Friday, Apr. 15, 1966
The Storm Breaks
For a nation fighting for its very life, the rioting that pockmarked South Viet Nam last week seemed a senseless and dangerous self-indulgence. Night after night, motley mobs--students and street urchins, town toughs and saffron-robed Buddhist monks, Boy Scouts and Communist agitators--surged through the streets of Saigon. In battles with police and Vietnamese troopers, they answered tear gas with stones, staves and homemade spears, occasionally even a hand grenade. In South Viet Nam's capital of discontent, Hue, and in Danang, Dalat, Pleiku, Nha Trang and Ban Me Thuot, the rioters roamed virtually at will, their ranks often swelled by uniformed Vietnamese servicemen. A month in the gathering, South Viet Nam's storm of political unrest had erupted in a hail of intermittent violence and near civil war.
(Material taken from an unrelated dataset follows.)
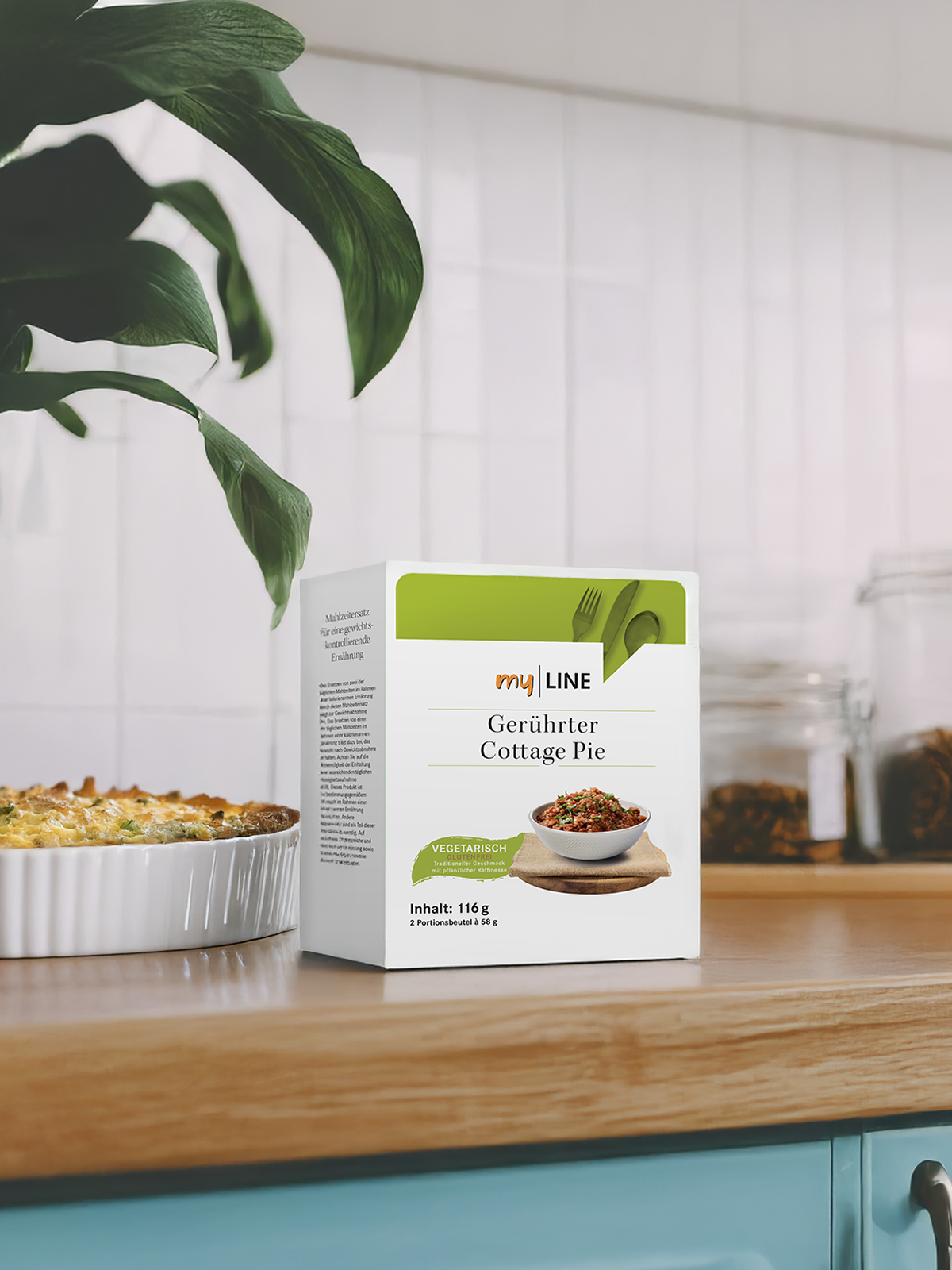 Eine Packung myLINE Gerührter Cottage Pie in der Küche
Everywhere the rioters shouted "Da Dao! Da Dao!"--Down With! Down With! Down with what did not really seem to matter. In the streets with the mobs marched the frustrations of a nation that has been too long at war, too often faced with problems that seemed insoluble. This crisis was made in Viet Nam by the Vietnamese, and Americans could only watch despairingly as the tragedy progressed. Through it all ran the baleful influence of Viet Nam's powerful Buddhists, who have helped to topple four previous governments. This time, however, they were up against not only Premier Nguyen Cao Ky, but a whole Directory of tough and determined generals who did not mean to bend easily before the demands of Buddhist monks, particularly when many of the monks openly egged on the rioting mobs.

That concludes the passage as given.